Journal milquetoast811's Journal: the wiz 2
jude law is being interviewed on the actor's studio. they are showing a clip of 'the talented mr. ripley' and instantly i am reminded of my brief stint as the secretary to the advertising director at miramax films in tribeca several years ago. while i dallied about, i watched many b-rolls of scenes from that film i unearthed in the back of a cabinet. it is the closest i've ever come to realizing my secret dream, that of Filmmaker. and now i slip further and further away from formally grasping for that particular rainbow. films no longer hold the magic they did for me when i was little, when i lived across the street from the movie theatre with two screens, and could not wait to see the next big hollywood blockbuster. to delve into what you purely love necessarily corrupts it. you peer behind the curtain and find that the puppets are indeed connected by a string, that something of this earth controls their movements. the magic is dispelled. it's a dream we want to believe in, but dreams float in the clouds, and knowing the details forces them to crash down to earth.
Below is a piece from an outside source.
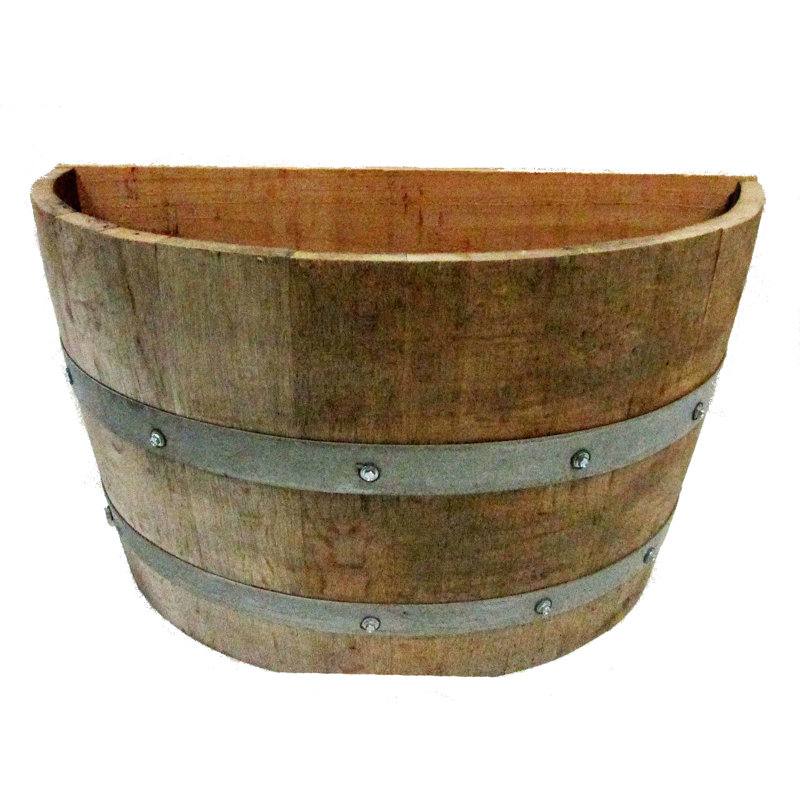 Oakwood Quarter Wine Barrel Planter, 26"W X 13"D X 18"H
maybe that's why they don't tell us about the grinding routine of adulthood. to disillusion kids so early is cruel. i used to feel cheated that i had to face known adversity without armor, the reality of the mudane. fireworks are few and far between. of course my mother would warn me about stuff, but i never believed her. now i imagine we all have to stumble over the same obstacles, the trajectory of growing up is similar across all ages, across all times. the rites of passage.
i assumed i would be married with kids by now as well, somehow, magically. i never figured it would be such a rigamarole to get to that point. in a way, the whole process works against my modus operandi, that of speedy efficiency. dating is marinating in the company of others, each of us looking into some misty crystal ball trying to emote and evoke the vibes of the person across the table. it's all very new age-y. most of the time, i just don't get it. i think it would be helpful to hand out evaluations on the first encounter and receive them in the mail at the end with comments on what went wrong, or how to improve. we could be making the same mistakes over and over again and not even know it.
a friend mentioned in passing today that you can only open your heart to a few, select people, friends or otherwise. because when they go away, your heart breaks as you miss them, and you can only mend it so many times.
jude law's pate has a life of its own. it's a modernist sculpture, really. i am envious.